Stets in Kontakt: Minicomputer mit Handy erhöht Lebensqualität von krebskranken Jugendlichen

Hilfreicher Begleiter im Taschenformat für krebskranke Jugendliche: Der mobile internetfähige Mini-Computer mit integriertem Handy und Kamera, der wichtige Krankheitsdaten enthält und den Kontakt mit der Klinik und anderen krebskranken Jugendlichen und den Freunden zu Hause herstellt. Foto: Universitätsklinik für Kinder- und Jugendmedizin Heidelberg.

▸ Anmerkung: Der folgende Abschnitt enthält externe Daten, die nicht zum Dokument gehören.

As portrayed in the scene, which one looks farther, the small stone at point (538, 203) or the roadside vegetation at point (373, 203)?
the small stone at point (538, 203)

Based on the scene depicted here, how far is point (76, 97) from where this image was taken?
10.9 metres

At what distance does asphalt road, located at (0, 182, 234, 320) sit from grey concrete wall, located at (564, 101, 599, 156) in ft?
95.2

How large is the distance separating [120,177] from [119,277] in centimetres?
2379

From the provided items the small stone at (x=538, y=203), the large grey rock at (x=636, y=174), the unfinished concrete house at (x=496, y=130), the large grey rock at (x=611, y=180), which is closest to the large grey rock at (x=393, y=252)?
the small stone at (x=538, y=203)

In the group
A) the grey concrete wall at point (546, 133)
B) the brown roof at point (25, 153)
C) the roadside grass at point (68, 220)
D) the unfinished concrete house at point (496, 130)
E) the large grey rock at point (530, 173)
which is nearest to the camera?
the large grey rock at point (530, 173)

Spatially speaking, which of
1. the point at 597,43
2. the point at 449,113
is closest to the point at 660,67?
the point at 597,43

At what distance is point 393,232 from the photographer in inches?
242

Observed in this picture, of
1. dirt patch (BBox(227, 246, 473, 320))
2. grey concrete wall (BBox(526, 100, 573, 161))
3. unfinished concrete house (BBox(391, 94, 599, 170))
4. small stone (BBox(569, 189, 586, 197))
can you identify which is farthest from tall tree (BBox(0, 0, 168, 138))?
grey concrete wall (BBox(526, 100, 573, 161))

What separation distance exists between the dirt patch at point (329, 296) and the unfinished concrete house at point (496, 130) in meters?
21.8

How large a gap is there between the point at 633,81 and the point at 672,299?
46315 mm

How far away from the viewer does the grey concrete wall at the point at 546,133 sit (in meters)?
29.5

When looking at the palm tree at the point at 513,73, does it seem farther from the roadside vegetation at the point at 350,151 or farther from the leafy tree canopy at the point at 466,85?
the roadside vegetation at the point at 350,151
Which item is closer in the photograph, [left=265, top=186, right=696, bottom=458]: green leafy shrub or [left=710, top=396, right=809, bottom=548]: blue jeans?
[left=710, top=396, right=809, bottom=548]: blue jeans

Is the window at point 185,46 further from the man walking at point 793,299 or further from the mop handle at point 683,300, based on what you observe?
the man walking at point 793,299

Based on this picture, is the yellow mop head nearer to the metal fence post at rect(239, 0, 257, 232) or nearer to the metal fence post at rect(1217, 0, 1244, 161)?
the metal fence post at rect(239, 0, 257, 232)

Wolfgang-Heilmann-Preis 2006 für „OnkoConnect“ / Gemeinsames Projekt der Universitätsklinik für Kinder und Jugendmedizin Heidelberg und der TU München

Ein hilfreicher Begleiter im Taschenformat ist der mobile internetfähige Mini-Computer mit integriertem Handy und Kamera, der wichtige Krankheitsdaten enthält und stets den Kontakt mit der Klinik und anderen krebskranken Jugendlichen und den Freunden zu Hause herstellt. Das finden nicht nur Patienten der Heidelberger Klinik für Kinder- und Jugendmedizin, sondern auch die Juroren des Wolfgang Heilmann Preis 2005 für humane Nutzung der Informationstechnologie. Sie zeichnet das Projekt OnkoConnect, das zur Entwicklung des mobilen Patientenassistenzsystem geführt hat, aus und sprachen ihm ein Preisgeld von 3.000 € zu.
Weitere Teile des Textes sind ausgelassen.